CHAPTER XL

Ominous hours had come and gone; waves of gloom had surged in and receded, but never receded far enough. It was as though the rising and falling of some primæval storm was the background of all thought and life and its pandemonium of sound foretold the far-off heaving of some vast tidal wave, gathering its unearthly power as it swelled.

Coombe talking to his close friend in her few quiet hours at Eaton Square, found a support in the very atmosphere surrounding her.

"The world at war creates a prehistoric uproar," he said. "The earth called out of chaos to take form may have produced some such tempestuous crash. But there is a far-off glow—"

"You believe—something—I believe too. But the prehistoric darkness and uproar are so appalling. One loses hold." The Duchess leaned forward her voice dropping. "What do you know that I do not?"

"The light usually breaks in the East," Coombe answered.

"It is breaking in the West to-day. It has always been there and it has been spreading from the first. At any moment it may set the sky aflame."

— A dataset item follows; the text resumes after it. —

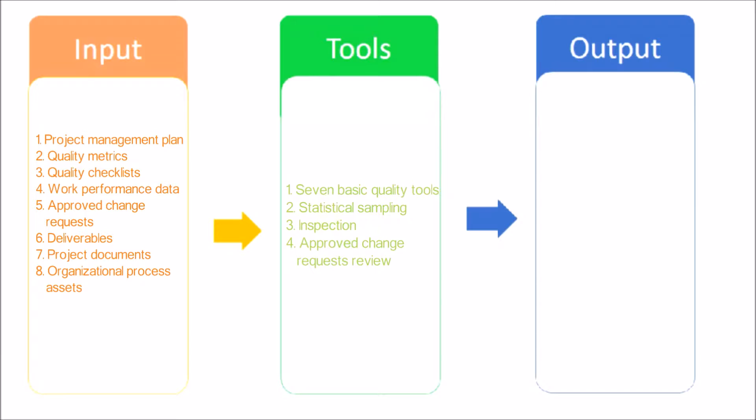7 Basic Quality Tools. Statistical Sampling: Samples are selected and tested as defined in the Quality Management Plan.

For as time had gone on the world had beheld the colossal spectacle of a huge nation in the melting pot. And, as it was as a nation the composite result of the fusion of all the countries of the earth, the breath-suspended lookers-on beheld it in effect, passionately commercial, passionately generous, passionately sordid, passionately romantic, chivalrous, cautious, limited, bounded. As American wealth and sympathy poured in where need was most dire, bitterness became silent through sheer discretion's sake, when for no more honest reason. As the commercial tendency expressed itself in readiness and efficiency, sneering condemnation had become less loud.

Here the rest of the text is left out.